(Dataset records)
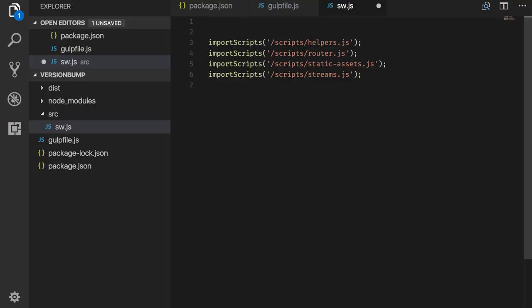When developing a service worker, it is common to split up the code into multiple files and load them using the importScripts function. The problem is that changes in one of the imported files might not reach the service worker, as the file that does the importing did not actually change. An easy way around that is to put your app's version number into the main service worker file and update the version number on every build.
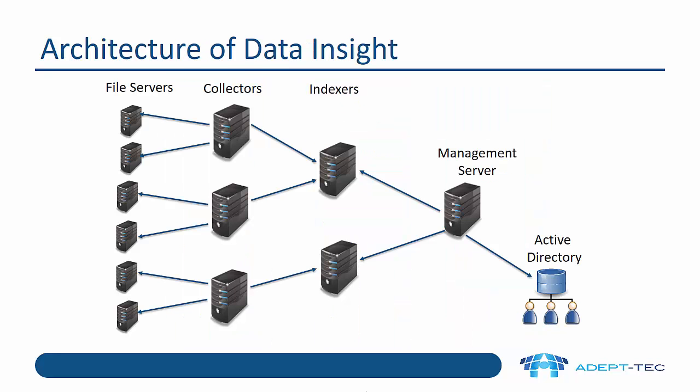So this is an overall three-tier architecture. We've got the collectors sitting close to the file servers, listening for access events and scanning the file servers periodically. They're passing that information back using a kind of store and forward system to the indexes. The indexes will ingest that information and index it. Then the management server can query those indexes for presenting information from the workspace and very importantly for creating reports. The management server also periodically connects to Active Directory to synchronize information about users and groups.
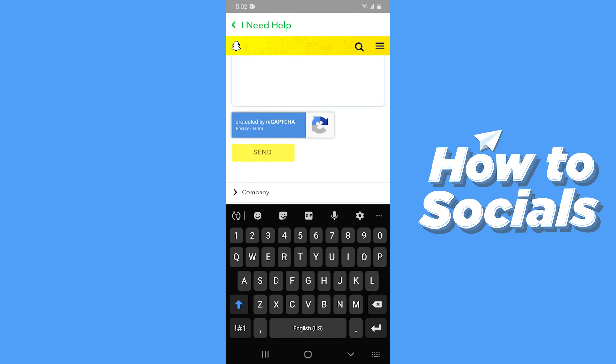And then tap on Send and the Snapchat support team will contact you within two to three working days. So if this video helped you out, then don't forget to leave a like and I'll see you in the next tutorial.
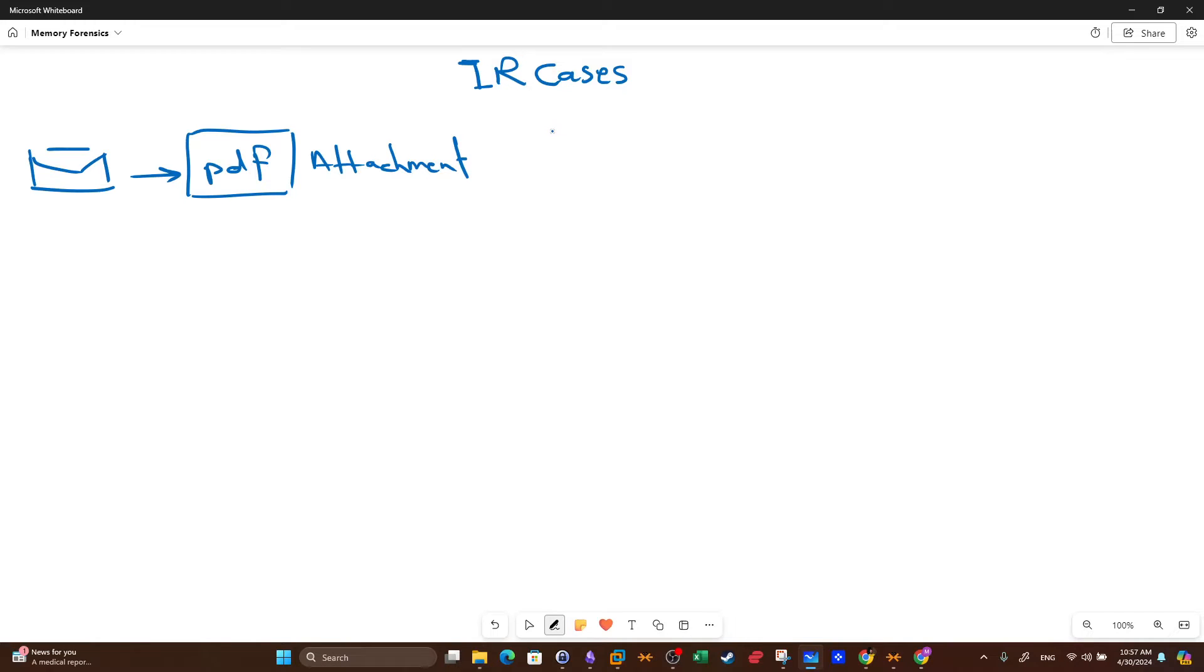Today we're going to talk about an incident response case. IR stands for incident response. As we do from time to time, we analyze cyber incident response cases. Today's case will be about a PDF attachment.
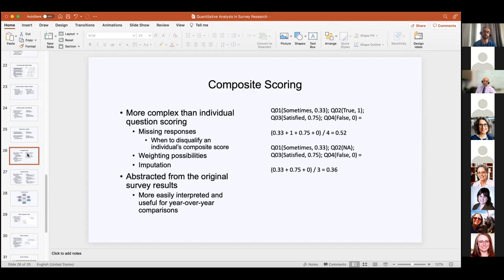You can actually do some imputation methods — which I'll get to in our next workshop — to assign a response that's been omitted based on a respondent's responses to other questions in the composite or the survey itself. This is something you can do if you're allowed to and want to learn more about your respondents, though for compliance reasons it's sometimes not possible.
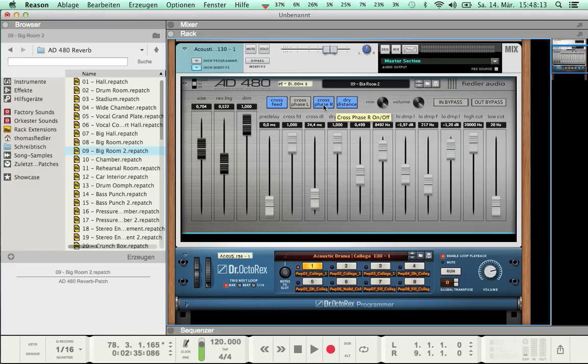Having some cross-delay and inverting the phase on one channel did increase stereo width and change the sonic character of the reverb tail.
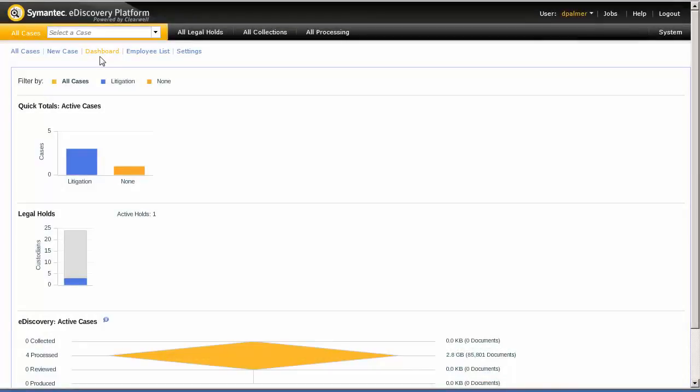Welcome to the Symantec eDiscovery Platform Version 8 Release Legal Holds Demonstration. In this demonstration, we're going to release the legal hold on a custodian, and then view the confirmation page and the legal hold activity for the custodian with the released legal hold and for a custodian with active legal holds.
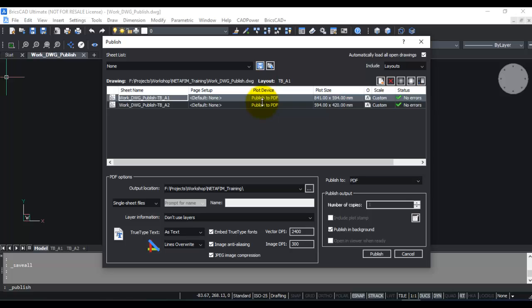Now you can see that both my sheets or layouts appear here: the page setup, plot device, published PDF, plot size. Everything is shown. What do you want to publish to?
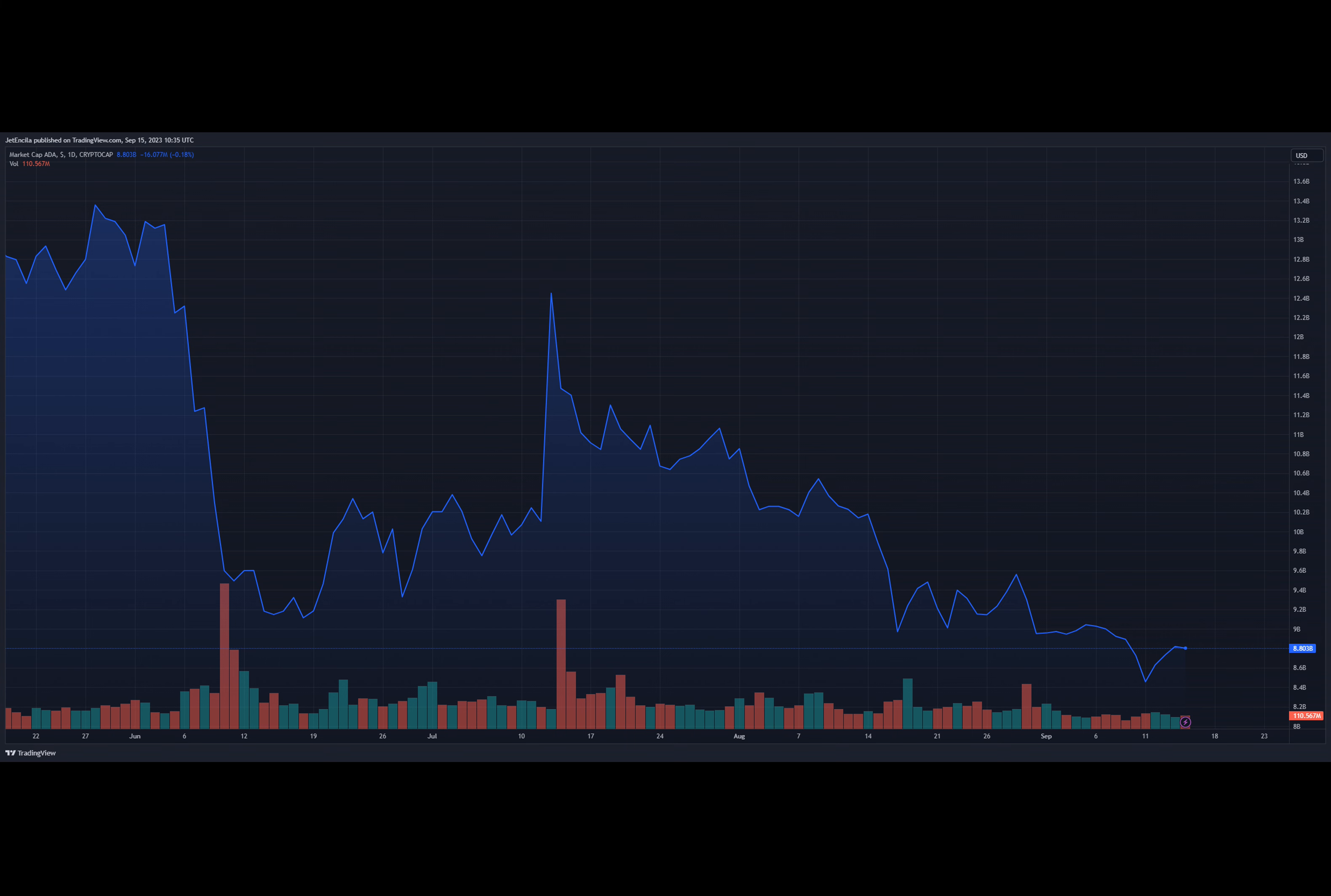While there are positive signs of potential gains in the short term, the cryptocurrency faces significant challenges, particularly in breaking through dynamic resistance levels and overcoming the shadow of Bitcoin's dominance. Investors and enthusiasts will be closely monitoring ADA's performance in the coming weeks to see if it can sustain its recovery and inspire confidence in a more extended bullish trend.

▸ What to do:
Type out all the records verbatim, minus images.

▸ Response:
When developing a service worker, it is common to split up the code into multiple files and load them using the importScripts function. The problem is that changes in one of the imported files might not reach the service worker, as the file that does the importing did not actually change. An easy way around that is to put your app's version number into the main service worker file and update the version number on every build.
So this is an overall three-tier architecture. We've got the collectors sitting close to the file servers, listening for access events and scanning the file servers periodically. They're passing that information back using a kind of store and forward system to the indexes. The indexes will ingest that information and index it. Then the management server can query those indexes for presenting information from the workspace and very importantly for creating reports. The management server also periodically connects to Active Directory to synchronize information about users and groups.
And then tap on Send and the Snapchat support team will contact you within two to three working days. So if this video helped you out, then don't forget to leave a like and I'll see you in the next tutorial.
Today we're going to talk about an incident response case. IR stands for incident response. As we do from time to time, we analyze cyber incident response cases. Today's case will be about a PDF attachment.
You can actually do some imputation methods — which I'll get to in our next workshop — to assign a response that's been omitted based on a respondent's responses to other questions in the composite or the survey itself. This is something you can do if you're allowed to and want to learn more about your respondents, though for compliance reasons it's sometimes not possible.
Having some cross-delay and inverting the phase on one channel did increase stereo width and change the sonic character of the reverb tail.
Welcome to the Symantec eDiscovery Platform Version 8 Release Legal Holds Demonstration. In this demonstration, we're going to release the legal hold on a custodian, and then view the confirmation page and the legal hold activity for the custodian with the released legal hold and for a custodian with active legal holds.
Now you can see that both my sheets or layouts appear here: the page setup, plot device, published PDF, plot size. Everything is shown. What do you want to publish to?
While there are positive signs of potential gains in the short term, the cryptocurrency faces significant challenges, particularly in breaking through dynamic resistance levels and overcoming the shadow of Bitcoin's dominance. Investors and enthusiasts will be closely monitoring ADA's performance in the coming weeks to see if it can sustain its recovery and inspire confidence in a more extended bullish trend.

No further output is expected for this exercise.